Koalition will bessere Vermittlung von Beschäftigung für Flüchtlinge und Arbeitslose.

25.01.2016, 23:01

Berlin (dpa) l Viele Langzeitarbeitslose und nun noch die Flüchtlinge - wie soll das gehen? Rund 930 000 Menschen sind länger als ein Jahr arbeitslos. Der soziale Missstand besteht seit Jahren hartnäckig. Droht die Lage mit den Flüchtlingen nun noch schlimmer zu werden?

Die Jobcenter sollen besser gewappnet sein als das Bundesamt für Migration und Flüchtlinge (BAMF), das mit Asylentscheidungen nicht nachkommt. Im Sommer, wenn immer mehr Asylverfahren abgeschlossen sind, erwarten sie eine starke Mehrbelastung.

2800 vom Bund bewilligte Stellen für die Flüchtlingsbetreuung wurden auf dem Papier schon auf die Regionaldirektionen verteilt.
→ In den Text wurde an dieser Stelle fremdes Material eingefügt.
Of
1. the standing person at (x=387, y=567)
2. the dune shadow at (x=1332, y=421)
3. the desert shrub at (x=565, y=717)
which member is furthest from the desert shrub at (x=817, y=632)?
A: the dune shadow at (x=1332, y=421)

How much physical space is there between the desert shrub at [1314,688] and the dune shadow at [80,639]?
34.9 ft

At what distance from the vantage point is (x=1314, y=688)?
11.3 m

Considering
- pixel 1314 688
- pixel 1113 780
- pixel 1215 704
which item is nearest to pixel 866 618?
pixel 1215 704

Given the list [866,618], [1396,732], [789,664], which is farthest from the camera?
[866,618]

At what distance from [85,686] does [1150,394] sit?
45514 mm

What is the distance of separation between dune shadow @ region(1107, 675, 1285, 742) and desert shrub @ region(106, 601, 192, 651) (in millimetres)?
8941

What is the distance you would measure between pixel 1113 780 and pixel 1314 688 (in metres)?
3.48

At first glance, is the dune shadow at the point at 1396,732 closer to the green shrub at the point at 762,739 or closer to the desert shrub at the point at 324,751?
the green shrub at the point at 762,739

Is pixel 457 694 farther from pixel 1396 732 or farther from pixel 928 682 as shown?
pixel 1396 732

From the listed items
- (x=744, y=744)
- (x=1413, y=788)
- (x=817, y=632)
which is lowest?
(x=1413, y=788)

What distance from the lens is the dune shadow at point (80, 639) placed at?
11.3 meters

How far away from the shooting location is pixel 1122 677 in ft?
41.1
Die Einstellungen laufen. Der Chef der Bundesagentur für Arbeit (BA), Frank-Jürgen Weise, rechnet mit bis zu 200 000 arbeitslosen Flüchtlingen.
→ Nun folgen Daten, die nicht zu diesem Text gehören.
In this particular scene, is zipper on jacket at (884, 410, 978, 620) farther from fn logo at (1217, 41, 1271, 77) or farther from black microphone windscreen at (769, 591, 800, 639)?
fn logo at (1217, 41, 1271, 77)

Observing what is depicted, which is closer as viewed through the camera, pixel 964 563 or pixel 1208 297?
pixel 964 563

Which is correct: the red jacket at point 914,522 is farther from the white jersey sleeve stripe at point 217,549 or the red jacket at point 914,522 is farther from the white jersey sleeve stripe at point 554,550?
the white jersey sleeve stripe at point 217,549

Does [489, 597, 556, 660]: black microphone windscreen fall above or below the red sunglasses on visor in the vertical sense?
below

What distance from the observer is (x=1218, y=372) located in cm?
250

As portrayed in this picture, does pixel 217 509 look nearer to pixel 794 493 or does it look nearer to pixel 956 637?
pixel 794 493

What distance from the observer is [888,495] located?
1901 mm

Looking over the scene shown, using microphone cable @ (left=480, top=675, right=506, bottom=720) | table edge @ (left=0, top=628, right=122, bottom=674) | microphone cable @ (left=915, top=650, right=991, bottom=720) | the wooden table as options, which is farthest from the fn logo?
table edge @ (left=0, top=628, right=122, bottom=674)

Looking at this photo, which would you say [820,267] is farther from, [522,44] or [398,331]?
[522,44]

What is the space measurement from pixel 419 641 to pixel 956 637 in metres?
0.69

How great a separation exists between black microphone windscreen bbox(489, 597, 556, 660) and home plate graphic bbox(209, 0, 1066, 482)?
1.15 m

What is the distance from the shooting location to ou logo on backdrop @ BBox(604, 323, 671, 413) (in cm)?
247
Da trifft es sich gut, dass die Koalition ohnehin frischen Wind in die Vermittlung von Arbeitslosen bringen will. Schon 2014 legte eine Bund-Länder-Arbeitsgruppe Vorschläge vor, um das Dickicht der Verfahren in den Jobcentern zu lichten. An die Flüchtlinge dachte man damals noch nicht – doch dass das Gesetz am 3. Februar ins Kabinett kommen soll, kommt nun wie gerufen. „Es ist ein wichtiger Baustein, um die Jobcenter für die anstehenden Aufgaben zu wappnen“, sagt Arbeitsministerin Andrea Nahles (SPD).

Noch wird hinter den Kulissen über Details verhandelt. Anvisiert sind nicht nur schlankere Verfahren, sondern auch bessere Fördermöglichkeiten.

Der CDU-Sozialexperte Karl Schiewerling verspricht: „Wir wollen die Flüchtlinge integrieren, aber die Langzeitarbeitslosen dabei nicht vernachlässigen.“ Für den Chef der Arbeitnehmergruppe der Unionsfraktion, Peter Weiß (CDU), ist zentral: „Wir dürfen die deutschen Arbeitslosen jetzt nicht vergessen, weil die Flüchtlinge da sind.“

Was ist geplant?

⦁ EINFACHERE VERFAHREN: Hartz-IV-Leistungen zum Lebensunterhalt sollen künftig in der Regel nicht mehr nur für sechs, sondern für zwölf Monate bewilligt werden. „Also muss die Einkommenssituation seltener überprüft werden“, sagt die SPD-Sozialexpertin Katja Mast. Auch andere einfachere Abläufe brächten mehr Zeit für Vermittlung statt für Verwaltung.

 

⦁ INTEGRATIONSBETRIEBE: „Wir wollen die Integrationsbetriebe für Langzeitarbeitslose öffnen“, sagt Schiewerling. Bisher werden solche Firmen – aus Handwerk, Handel, Gastronomie, Dienstleistungen – vor allem für die Beschäftigung von Schwerbehinderten gefördert. „Menschen, die bisher kaum Chancen auf dem ersten Arbeitsmarkt haben, sollen sich leichter tun, in einem normalen Arbeitsrhythmus Fuß zu fassen“, sagt Schiewerling.

 

⦁ ARBEITSGELEGENHEITEN: Jobs für Arbeitslose mit besonders geringen Chancen wegen fehlender Abschlüsse oder Gesundheitsproblemen sollen länger gefördert werden können – etwa Ein-Euro-Jobs für gemeinnützige Arbeit in Kommunen. Bisher dauern sie in der Regel höchstens zwei Jahre. „Es gibt Menschen, die haben solche Hemmnisse auf dem Buckel, dass zwei Jahre nicht reichen“, sagt Weiß. Außerdem sollen Beiräte von Arbeitgebern und Gewerkschaften mehr Einfluss haben beim Urteil, ob so ein Job eine reguläre Stelle verdrängt – oder vielleicht doch nicht.

 

Kommt jetzt also ein großer Wurf gegen Langzeitarbeitslosigkeit? CDU-Sozialexperte Weiß spricht lieber von „Korrekturen anhand der Erfahrungen in der Praxis“. Erst vor wenigen Tagen wurde bekannt: Die Zahl der geförderten Jobs für Langzeitarbeitslose sank trotz neuer Programme in den vergangenen zwei Jahren von knapp 140 000 auf 84 000.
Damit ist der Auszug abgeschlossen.